MEMORIA(S)

La memoria no es un singular, y este es el primer enunciado que ha de definirla. La memoria se escribe en plural y al referirla, la nombramos como un trabajo, como un proceso social, como un ejercicio del presente sobre el pasado, como una reconstrucción, como una oposición compleja con la historia, como un modelo para armar, como una caja puesta en la salón principal de la casa o como una función del psiquismo.
La memoria es una construcción colectiva y una experiencia personal. Nadie dudaría que algo de la memoria es un proceso psíquico, mental, o se tomaría la cabeza cada vez que un recuerdo parece esfumarse. La memoria es un debate, un deber, un derecho, un proceso social y neurocientífico, un compromiso del estado, y el nombre que se han dado las luchas por la verdad y la justicia tras los peores genocidios que ha conocido la humanidad.  Es por ello que quizás es más preciso – o más cómodo- hablar de las memorias, y aprovechar el plural para hacer hincapié en la amplitud de la noción y en lo no clausurante de sus definiciones.
Las memorias como toda acción social, necesitan de otro para constituirse. Las vivencias, los recuerdos, las trazas de experiencia que portamos son parte de nuestra inscripción individual y social en tiempos y lugares determinados, cuestión que necesariamente abre la pregunta por los sujetos que finalmente están tras esas memorias. ¿Quiénes recuerdan? ¿Qué recordamos? ¿Qué se autoriza oficialmente para recordar? ¿Qué se escapa del recuerdo oficial? ¿Quiénes quedan sin ser recordados?
Los procesos históricos “dolorosos” o traumáticos como guerras civiles, dictaduras, genocidios, o los actos de terrorismo, han estado secundados desde el Holocausto nazi de lo que se ha llamado “políticas de la memoria”. En ellas, los Estados han fijado pactos y compromisos “reparatorios”, en donde a través de la justicia y los tribunales, pero también de actos simbólicos como la construcción de memoriales o museos de conmemoración a las víctimas, se intenta re-hilvanar el lazo social roto tras los hechos de extrema violencia. Esta es la “memoria oficial”. Como toda puesta en acto realizada desde el poder, muchas expresiones de memoria diversas y antagonistas, y por sobre todo no oficiales, quedan por fuera del discurso principal y es por ello que es posible ver emerger otros relatos y propuestas desde la ciudadanía.

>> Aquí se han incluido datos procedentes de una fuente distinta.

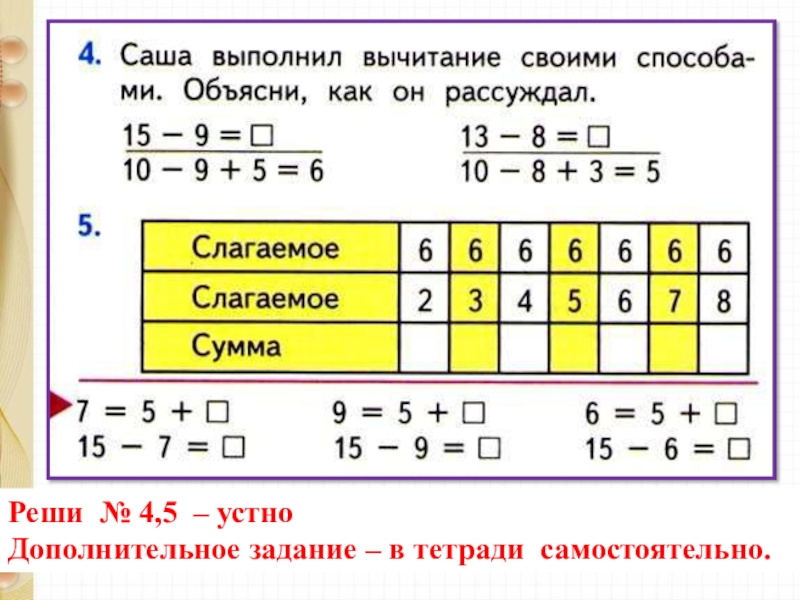 Случаи вычитания 15 презентация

La memoria es un derecho y desde la ética también se la ha planteado como un deber. Pero probablemente, uno de los mayores desafíos que ambos conceptos imponen es su constante elaboración y actualización, pues fácilmente su repetición puede dejarlos en un horizonte demasiado abstracto sin conexión con hechos cotidianos concretos. El deber no puede estar vacío de significado, y la transmisión de las memorias no ha de caer en la banalización o la repetición por la repetición.

Las memorias son un terreno en disputa, un campo de batallas en donde el olvido también es un derecho que se ejerce individual o colectivamente, pero luego de haber obtenido el derecho a recordar. ¿Cuán lejano o cercano debe ser un acontecimiento para ser materia de las memorias? ¿Es objetivable acaso un proceso de ya difícil descripción? Pensemos, por ejemplo, en la caída de las Torres Gemelas o en los ataques terroristas del 11M en España. Más allá de los posibles homenajes y memoriales a las víctimas, ¿qué es lo que hace posible hablar de una –o varias- memorias del proceso? ¿qué es lo que cohesiona a quienes recuerdan cuando no es el Estado quien han perpetrado los crímenes o no es como en el caso judío la religión lo que aglutina?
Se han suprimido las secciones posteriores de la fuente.